According to the data of the Ministry of Agriculture in Croatia, as much as 399,611 tons of food or 97 kilograms per capita end up in the waste every year. It is generally estimated that 53 percent of food is discarded in households, in Croatia this share is even higher and reaches 77 percent. But few people know that tons of food go to waste due to unintentional or unfortunate mistakes on packaging or shipment declarations, which is why good and healthy food is rejected in the logistics chain before it even reaches store shelves.
It was on this problem that the Zagreb company VeeMee was founded three years ago, which only last year saved 750 tons of food so that it would not end up in the waste. Their ideas and efforts have been recognized by the large retail chains they work with, but also by official bodies such as the Ministry of Agriculture.
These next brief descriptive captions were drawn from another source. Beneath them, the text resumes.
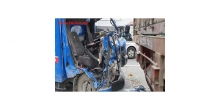 Hà Nội: Xe tải húc đuôi container, phụ xe tử vong, lái xe trọng thương
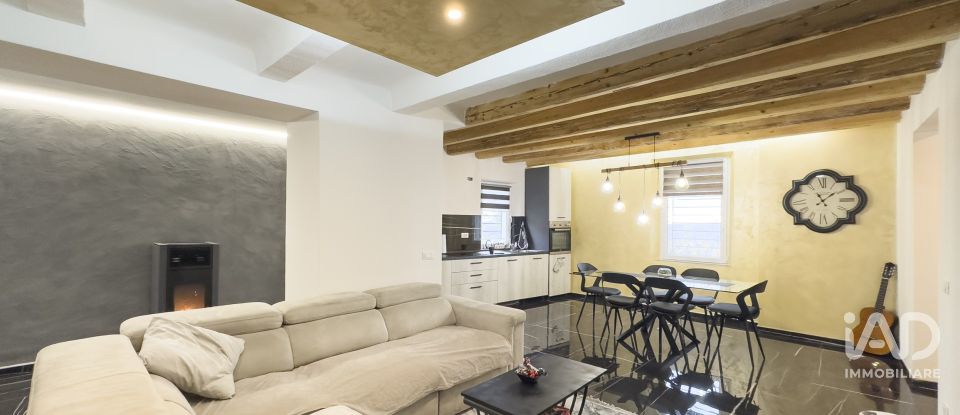 Apartment 5 rooms of 114 m² in Castelbellino (60030)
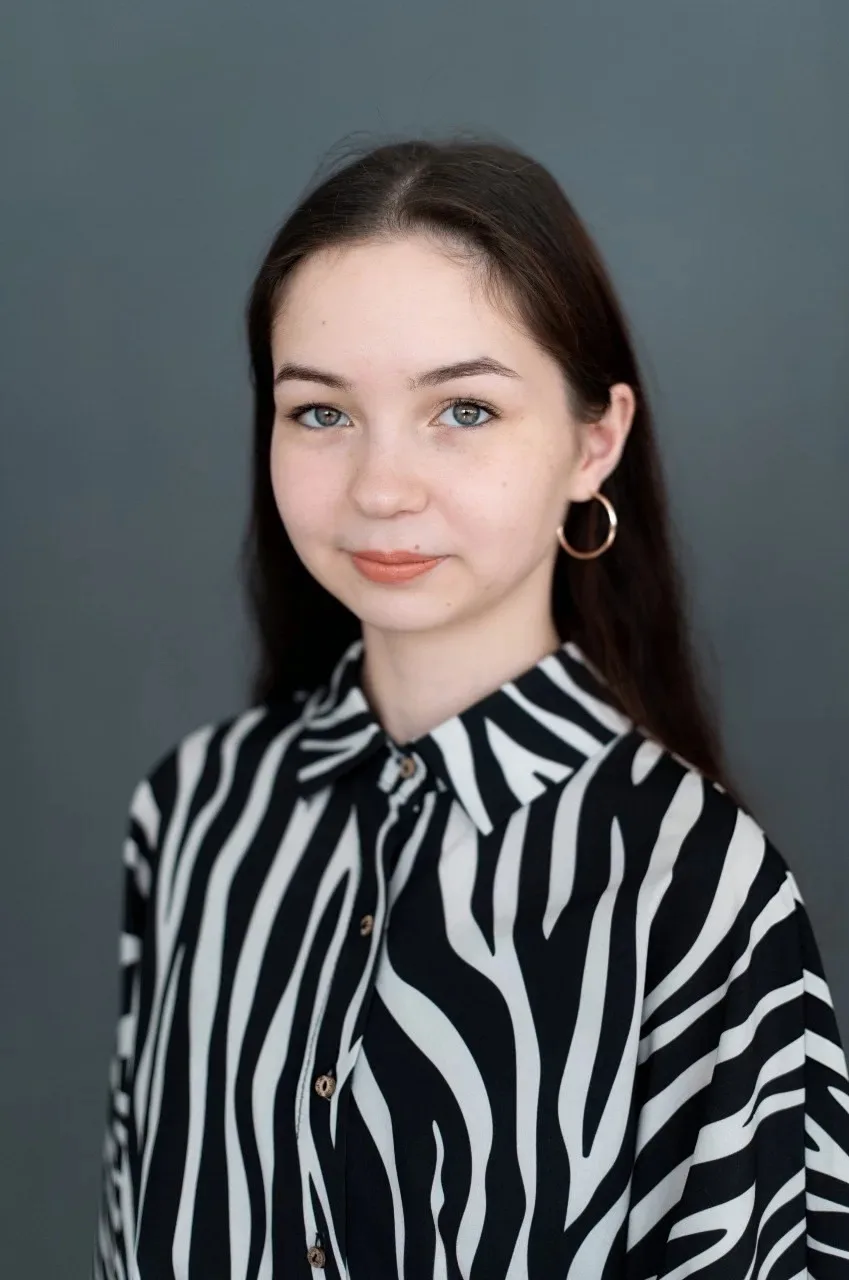 Доброе утро, любимая и весенняя столица!  Кто в парке главный волшебник? ✨ Нет, не фокусник. А тот, 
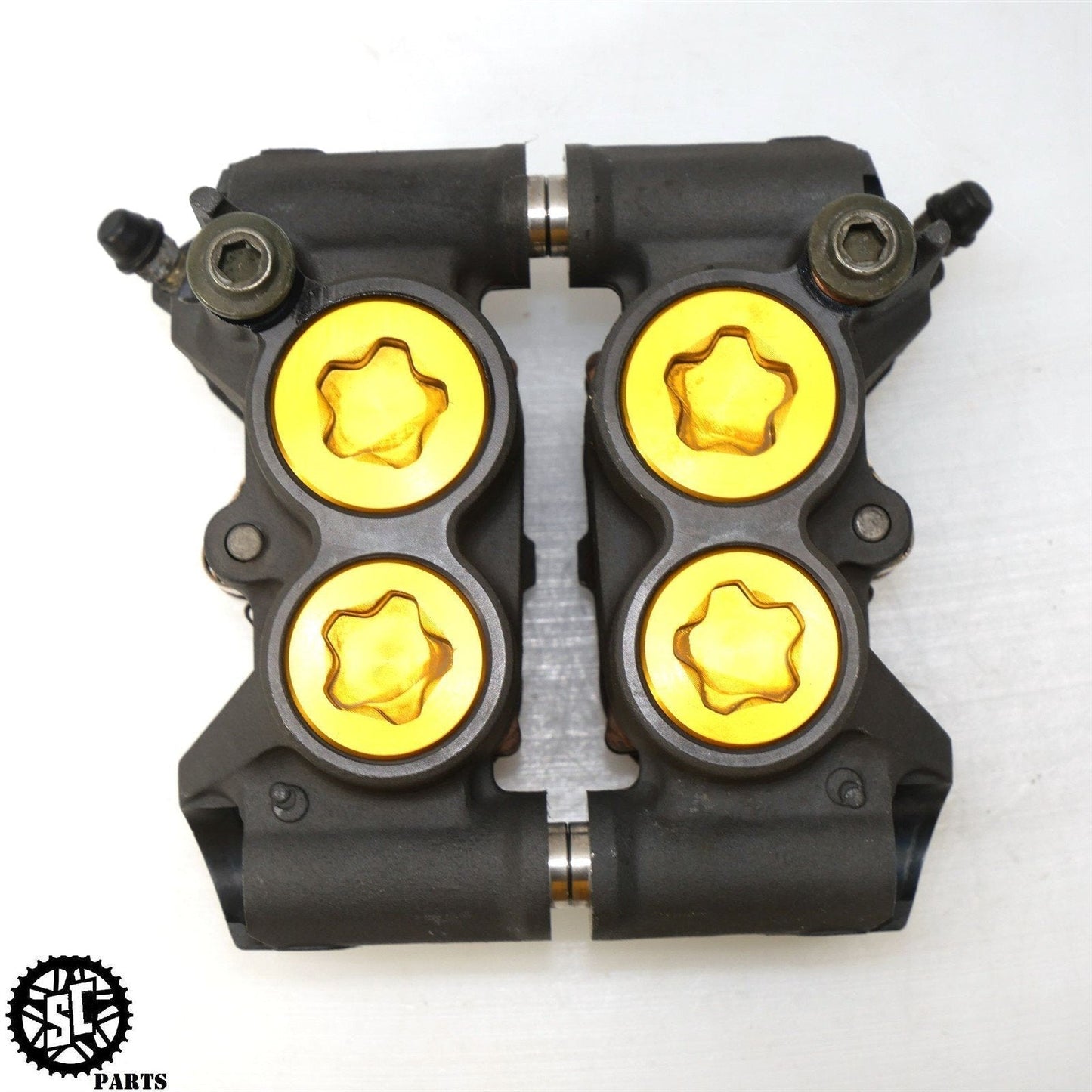 2004-2006 YAMAHA YZF R1 FRONT BRAKE CALIPERS Y28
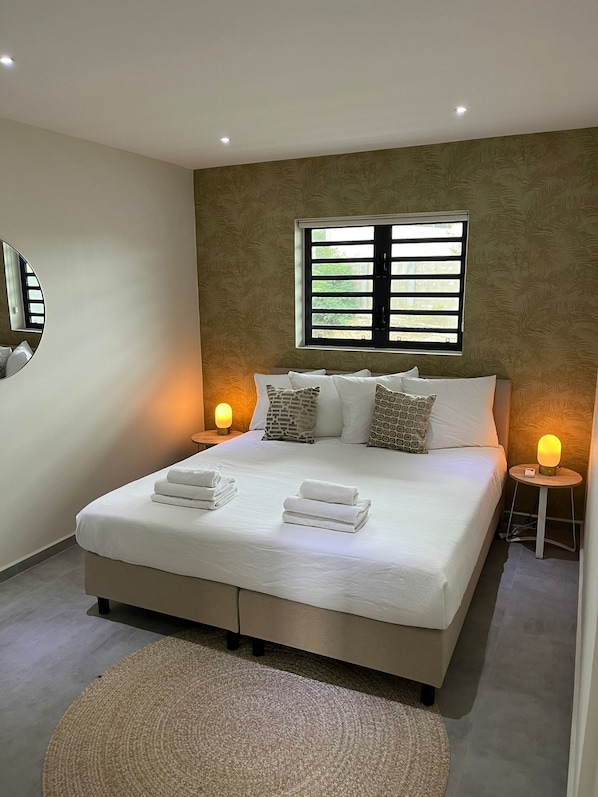 In-room safe, iron/ironing board, free WiFi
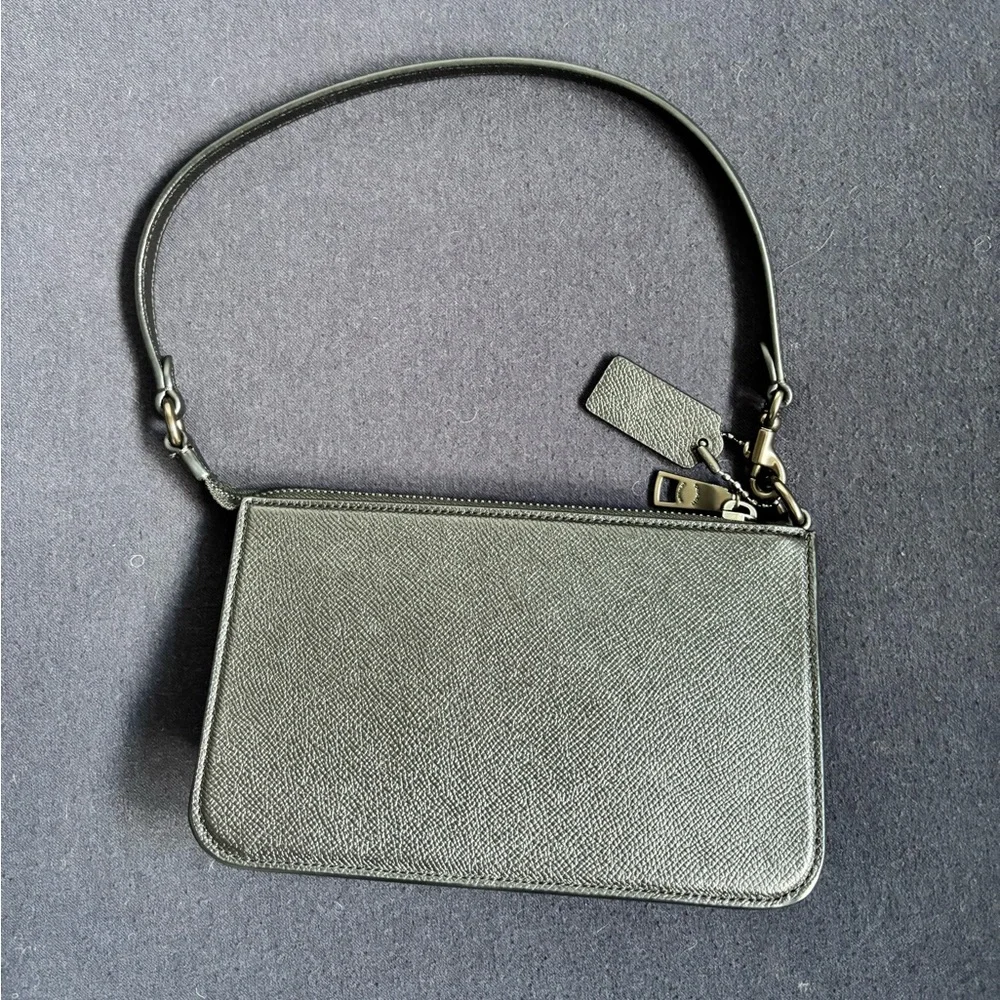 COACH POUCH BAG WITH SIGNATURE CANVAS - Picture 3 of 5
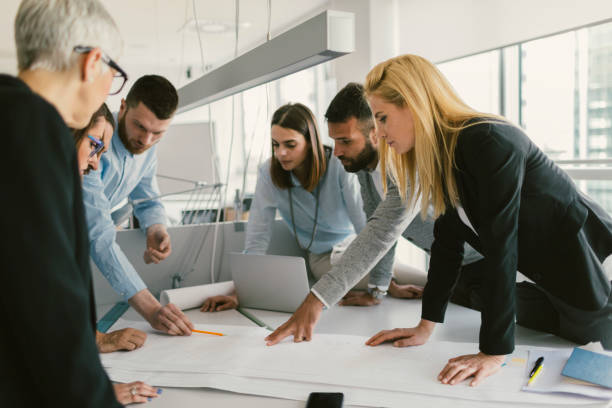 istock Architects and investors on meeting 670564598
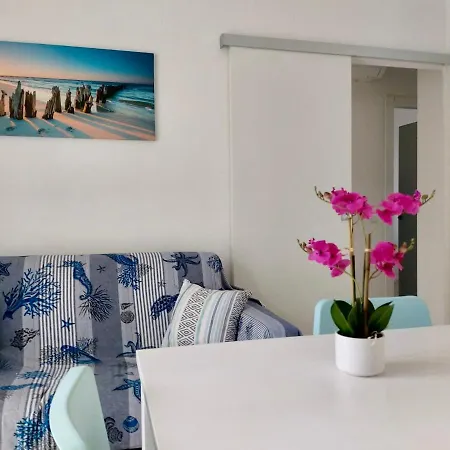 Antonietta 3, Tra Pineta E Mare *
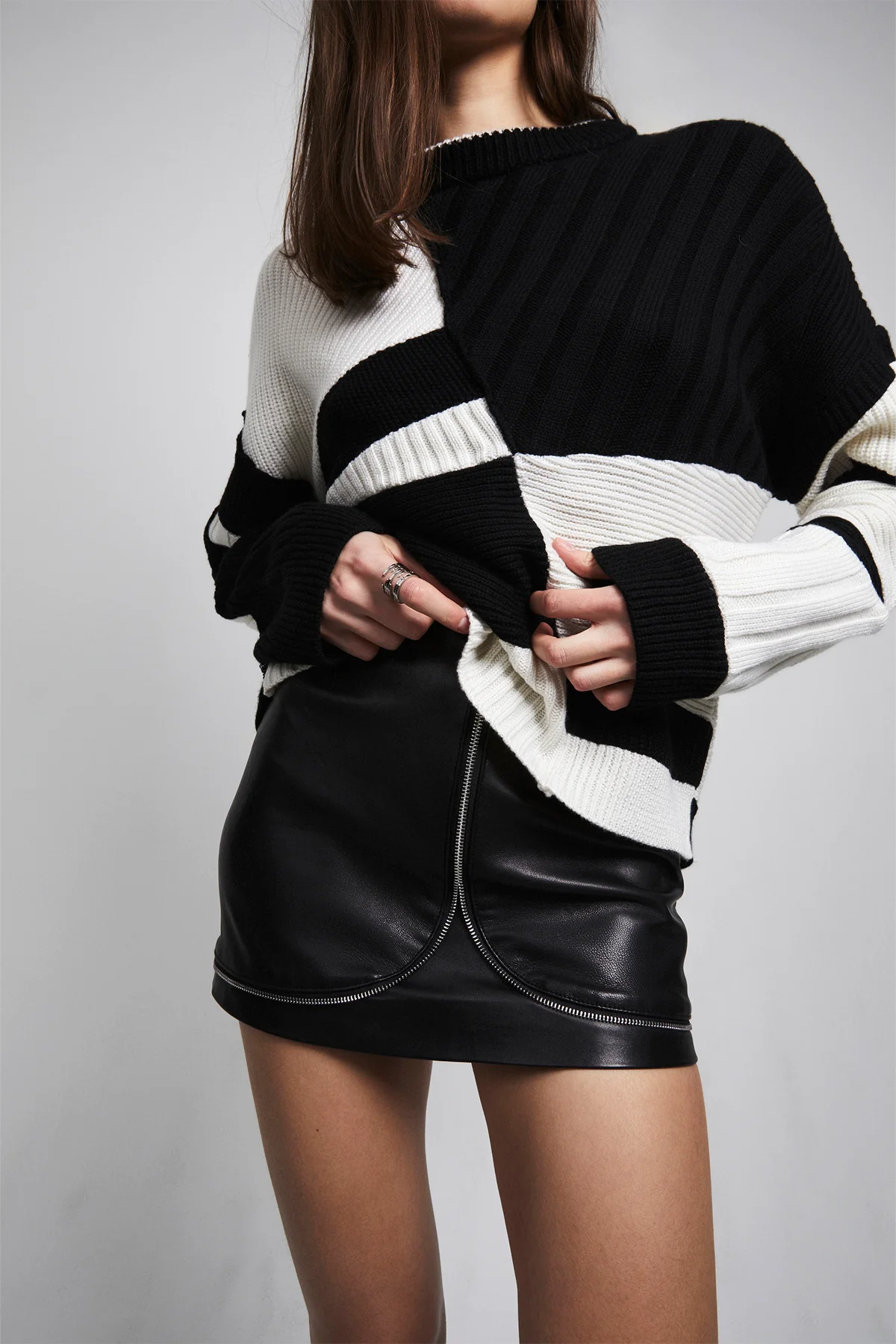 AIMEE | BLACK AND WHITE GEOMETRIC - Image 5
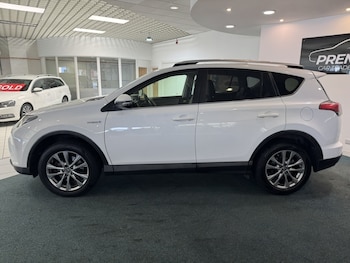 Used Toyota RAV4 2016 for sale - 79480226: Photo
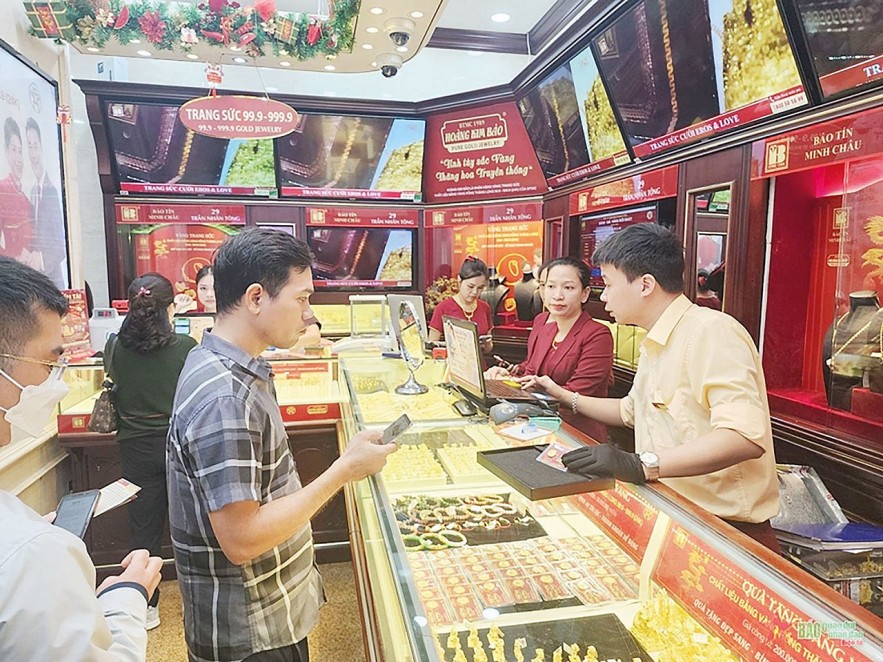 Xu hướng giảm giá vàng trung hạn thể hiện rất rõ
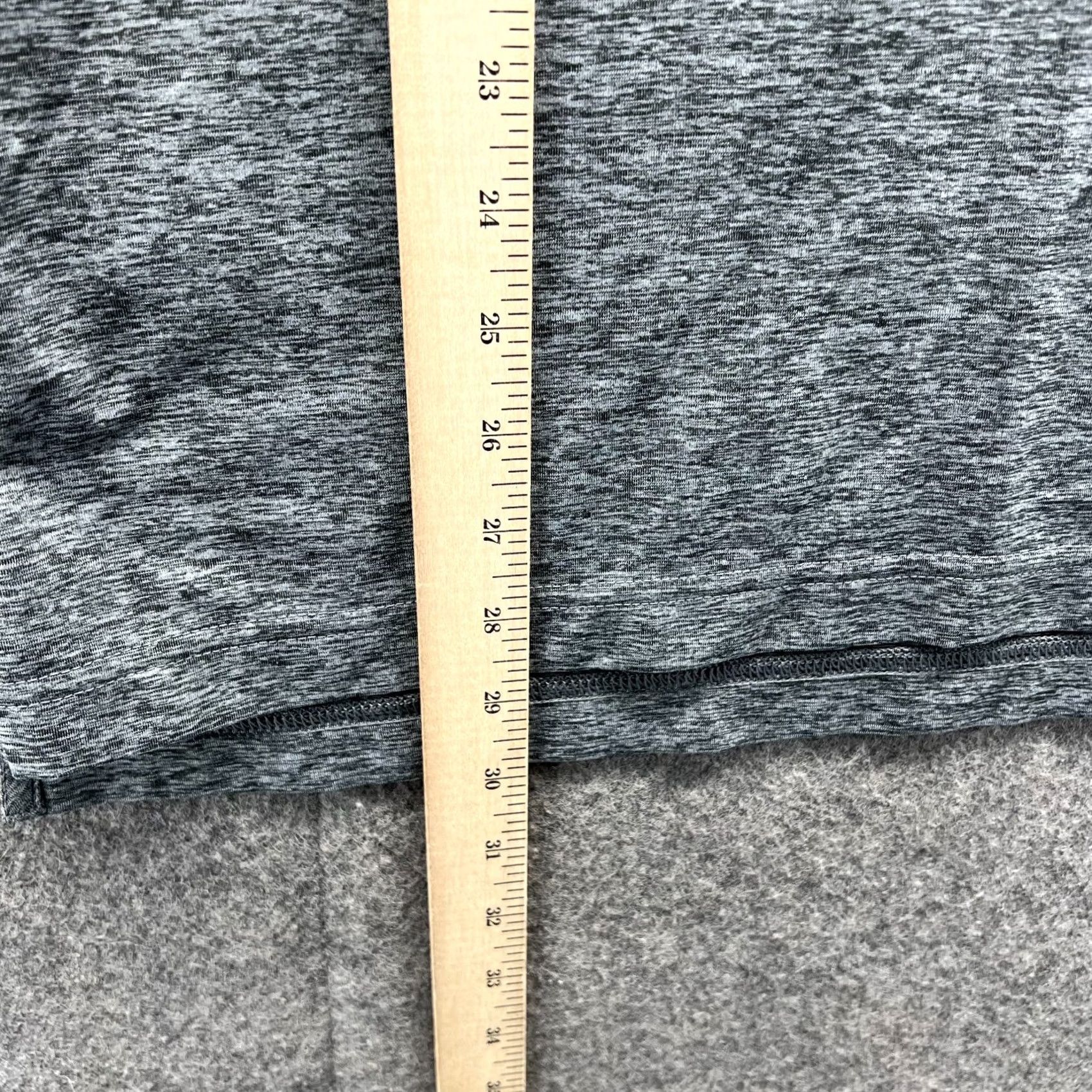 Vineyard Vines Vineyard Vines Polo Shirt Mens Medium Heather Gray Performance Golf Stretch Shirt Mens Regular Short Sleeve Gray 40 in Chest Size US M / EU 48-50 / 2 - 6 Thumbnail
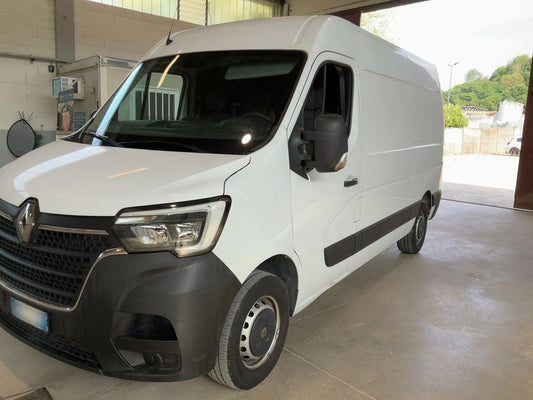 Renault Master 2.3 dCi L2H2 HKa 3,3t 2020 – снимка 2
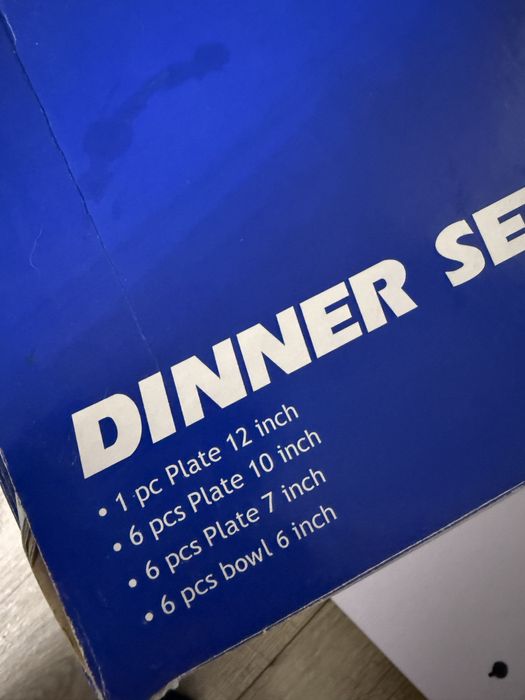 Новий великий набір тарілок посуду яскавий з півниками патріотичний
– About ten days ago, there was a problem with asparagus from Spain, which was packed in eight pieces in a “pušlek”, but the declaration stated that there were ten of them. This was noticed by the technologist before the asparagus was received in the store. Technologists are the first barrier to control goods coming from the EU in which there is a free flow of goods. They are independent experts and their opinion must be respected by traders, and the goods are rejected even if the number of asparagus in the package is wrong – says Marko Kozjak (33) from the company VeeMee, which he founded with Nikola Vido. So it would be with asparagus that would return to Spain and perish along the way.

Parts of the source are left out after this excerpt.